In Europa überlappten sich die Lebensräume von Neandertaler und Homo heidelbergensis

Diese Lebensräume werfen ein neues Licht auf die Entwicklung des Menschen, denn die Habitate veränderten sich mit Verschiebungen des Klimas. Zumindest in den vergangenen 500 000 Jahren habe das Klima eine zentrale Rolle dafür gespielt, wo bestimmte Arten von Urmenschen lebten, sagt Axel Timmerman, Klimaphysiker und Erstautor der Studien von der Universität Busan in Südkorea. Die Wissenschaftler untersuchten auch, ob sich die Lebensräume zeitlich nahe beieinanderliegender Arten vorübergehend überlappten. Tatsächlich zeigte die Simulation: Vor etwa 400 000 bis 300 000 Jahren überlappten sich die Lebensräume von Neandertaler und Homo heidelbergensis in Europa. Die des Homo sapiens und des Homo heidelbergensis überlappten sich dagegen vor etwa 300 000 Jahren vor allem in Südafrika.

Den Forschern zufolge lebten frühe Urmenschen vor zwei Millionen Jahren im östlichen Afrika. Als das Klima vor etwa 800 000 Jahren kühler und wechselhafter wurde, habe sich der Homo heidelbergensis angepasst, habe sich neue Nahrung erschlossen und sei deshalb in der Lage gewesen, in die Welt zu wandern. Die einen gingen in den Norden, dort entwickelte sich unter anderem der Neandertaler. Die anderen gingen in den Süden, wo der Homo sapiens entstand. Das passt auch zu Erkenntnissen und Hypothesen unter anderem aus Genanalysen.
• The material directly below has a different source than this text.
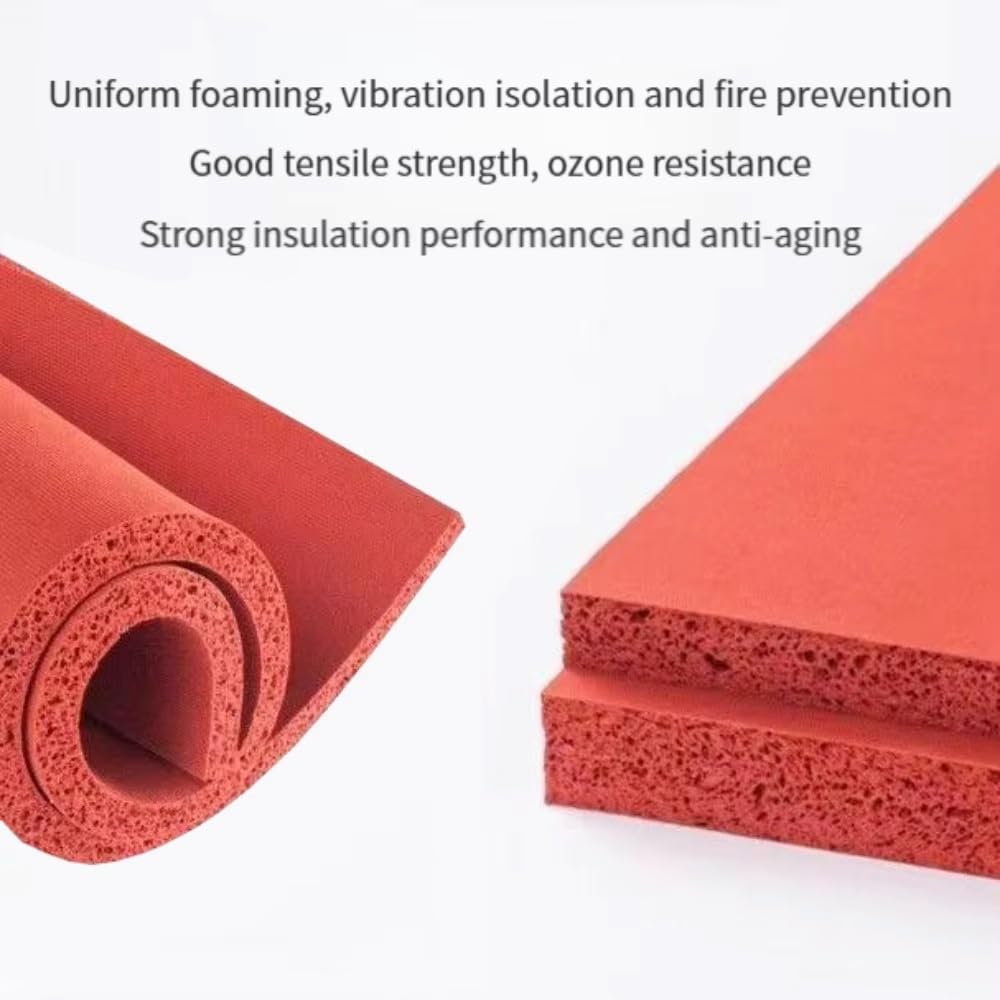 Tappetino in silicone rosso per pressa a caldo, 100 x 100 mm, 1-20 mm, per laminazione e artigianato industriale (100 x 100 x 10 mm)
Doch die Forscher zeigen nun auch: Große Entwicklungsschritte des Menschen wurden jeweils von Veränderungen des Klimas vor Ort begleitet - anders als beim menschengemachten Klimawandel geht es hier freilich um Veränderungen, die sich vergleichsweise gemächlich vollzogen. "Wir sind, wer wir sind, weil wir es geschafft haben, uns über Jahrtausende an langsame Klimaveränderungen anzupassen", sagt Axel Timmermann.

Das größte Habitat aller Urmenschen hatte laut Studie nicht der moderne Homo sapiens, sondern der Homo erectus, der vor knapp zwei Millionen Jahren erstmals auftauchte und den die Forscher als flexiblen Generalisten beschreiben. Er starb trotzdem spätestens vor 100 000 Jahren aus. Der Homo sapiens, den es seit etwa 300 000 Jahren gibt, hatte einen anderen Vorteil: Er kam am besten mit Trockenheit zurecht.